PHOTO 1: Along a street a large line of people in wheelchairs and others move past a shady park with vendors with small umbrellas over their stands. Several of the protesters carry placards in their laps, one of which reads: A PART OF NOT APART FROM. Faces are too dark to tell who is in the line.
Caption reads: In the shadow of the Alamo a wheelchair column moved along the streets of San Antonio, Texas in April 1985. Protestors were heading for the hotel headquarters for the regional convention of the American Public Transit Association.

PHOTO 2: Mike Auberger, with his mustache, trimmed beard and shoulder length hair looks at the camera with his intense eyes. Wearing a light colored sweater and shirt with a collar, he sits in his wheelchair which is mostly visible because of his chest strap.
Caption reads: Mike Auberger of Denver was one of some 16 Coloradans who went to Texas to protest the lack of accessible public buses.

[Headline] The eyes of Texas are on outside agitators -- and a lot of folks from down the street

There's never been much love lost between Coloradans and Texans, at least not since those folks from the Lone Star State first wandered into the Rocky Mountains and discovered deep powder in the winter and cool valleys in the summer.

As Winnebago after Cadillac after pickup poured across Raton Pass, Coloradans greeted Texans with open cash registers and - increasingly -- ridicule.

Our scorn for Texans even reached into the highest office in the state when Governor Dick Lamm greeted his Texan counterpart with this joke: A Texan died here recently and we couldn't find a coffin large enough, so we gave him an enema and buried him in a shoebox.

Texans were not amused, though by now they should have come to expect such treatment. We've been squabbling ever since a detachment of Colorado militia turned back a Texas Confederate army at Glorietta Pass during the Civil War.

Each summer now we give Texas a chance to even the score down near Alamosa in a rotten tomato battle. OF course we always make sure our army's bigger.

That animosity, however, doesn't carry over to the disabled population of the two states. In fact, a dozen or more militant wheelchair activists from Colorado have been rolling onto the streets of several Texas cities during the past couple of years to aid their counterparts in the battle to force Texas transit systems to make their buses wheelchair-accessible.

"After Colorado, Texas is out best organized state," Wade Blank, the long haired ex-preacher who helped found American Disabled for Accessible Public Transit (ADAPT) in Denver two years ago.

ADAPT chapters have sprung up in several other states, notably Illinois, Maine, and Connecticut, but none have garnered as many active members as Texas. Scores of Texans have blocked buses in San Antonio, Houston, Dallas and El Paso in recent months to focus the attention of the state's media on the lack of accessible buses.

Part of ADAPT's success in Texas lies in the fact that there are so few lift-equipped buses in this huge state.

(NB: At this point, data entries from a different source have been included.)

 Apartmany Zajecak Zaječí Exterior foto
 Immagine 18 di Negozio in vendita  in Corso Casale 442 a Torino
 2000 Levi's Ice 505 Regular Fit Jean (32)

Some Texas cities did order accessible buses when the Carter administration's Department of Transportation ordered mandatory accessibility in the 1970s.

However, most of these lifts were never used as the American Public Transit Association (APTA), a national lobbying and policy making organization for transit systems, successfully fought the regulation in federal appeals court.

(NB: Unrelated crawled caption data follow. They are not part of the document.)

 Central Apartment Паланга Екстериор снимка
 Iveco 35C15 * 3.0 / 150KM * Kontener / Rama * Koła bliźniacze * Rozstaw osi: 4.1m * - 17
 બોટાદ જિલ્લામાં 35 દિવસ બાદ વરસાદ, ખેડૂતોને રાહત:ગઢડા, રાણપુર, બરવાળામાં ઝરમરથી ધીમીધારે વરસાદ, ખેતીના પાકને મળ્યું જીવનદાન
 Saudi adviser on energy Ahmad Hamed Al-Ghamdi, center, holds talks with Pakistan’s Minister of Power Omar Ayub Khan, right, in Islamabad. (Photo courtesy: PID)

APTA maintains that the local transit provider is the best judge of whether or not accessibility is feasible. Adverse climatic and geographical conditions are generally cited as the chief obstacles to lifts.

Texas ADAPT leaders point out that few areas in Texas experience severe winter storms and that the state's larger cities are generally laid out on flat plains. That was one of the points wheelchair activist tried to make when they picketed in April 1985 regional APTA convention in San Antonio.

A sizable contingent of Coloradans joined those picket lines, leading to a charge by the local newspaper, the San Antonio Light, that the demonstration was the work of outside agitators and that most of the city's disabled population was quite happy with using paratransit.

Spot demonstrations and bus seizures soon followed in other Texas cities, while some Texas ADAPT members turned outside agitators themselves by participating in demonstrations at the APTA national convention in Los Angeles in October 1985. Several Texans including Jim Parker of El Paso and Bob Kafka of Austin, were among The dozens arrested.

Supporters of lifts point to cities like Seattle and Denver where most of the buses are accessible -- and increasingly free of breakdowns. Denver's Regional Transportation District (RTD) maintenance crew made a few simple changes in some of their lift systems and managed to operate experimental buses without a single breakdown. ADAPT argues that some transit providers have deliberately sabotaged their lift systems to justify removing them.

Opponents of lifts argue that paratransit--usually vans that pick riders up at their residences -- is more cost effective. Supporters point to Seattle where the cost per ride on mainline buses is less than $15 a trip, which compares very favorably with the best deals offered by paratransit systems.

Convenience is a major factor too, according to Mike Auberger of ADAPT-Denver, who points out that most paratransit systems require two days' advance notice and users might have to travel all day just to keep a 15 minute dental appointment. "Me, I like being able to roll down to the corner bus stop," Auberger said.

ADAPT grew out of coalition of Denver disabled groups who were successful in battling RTD over wheelchair lifts. Protestors seized buses and chained themselves to railings at RTD headquarters before the battle was won.

Two years ago they went national when their arch foe, APTA, held its national convention in Denver, APTA refused to allow ADAPT to present a resolution to the convention calling for mandatory accessibility until pressure was brought to bear by Denver Mayor Federico Pena, a pro-lift advocate.

APTA declined, however, to vote on the issue, and ADAPT picketed the group's 1984 national convention in Washington, DC, in October. Twenty-four protestors were arrested during the demonstration, including Parker.

Parker, who was joined in Washington by four other Texans, isn't through with APTA yet. When that group holds its Western Regional Convention in San Antonio April 20, Parker said they can expect almost as many demonstrators as went to Washington.

"I can't think of any place in Texas where it (public transportation for the disabled) is as good as it is here in Denver -- in fact it's poor everywhere here. Dallas just decided to buy 200 or 300 new buses without lifts."

The situation isn't any better in his home city of El Paso, according to Parker. "It's very poor here," he said. "There are 30 city cruisers here with lifts but the city has shown no desire to use them."

Parker thinks too many people in wheelchairs are too passive. "They're not used to pushing people, but we're starting to see some changes."

However, Parker points out that Texas is a very conservative state and people -- including the disabled -- are slow to change.

People wishing to participate in the San Antonio demonstration should call Parker (915-564-0544) for further information.

PHOTO: Two bearded, bare chested wheelchair activists (Jim Parker, and [I think] Mike Auberger) are in the foreground. Parker, his shoulder length hair tied back with a bandana, sits with his foot up on his opposite knee, hands in his fingerless gloves. The two are facing away from the camera and talking with another man who is kneeling down beside them looking up at them.
Caption reads: Jim Parker (center) of ADAPT-El Paso meets with a newsman during a picket of McDonald's. Many disabled persons objected to the fast food chain's refusal to immediately retrofit all of its restaurants so that they would be accessible to wheelchair patrons. Parker is currently involved in helping organize a demonstration at the Western Regional Convention of the American Public Transit Association (APTA) in San Antonio Oct. 20 - 24 [sic].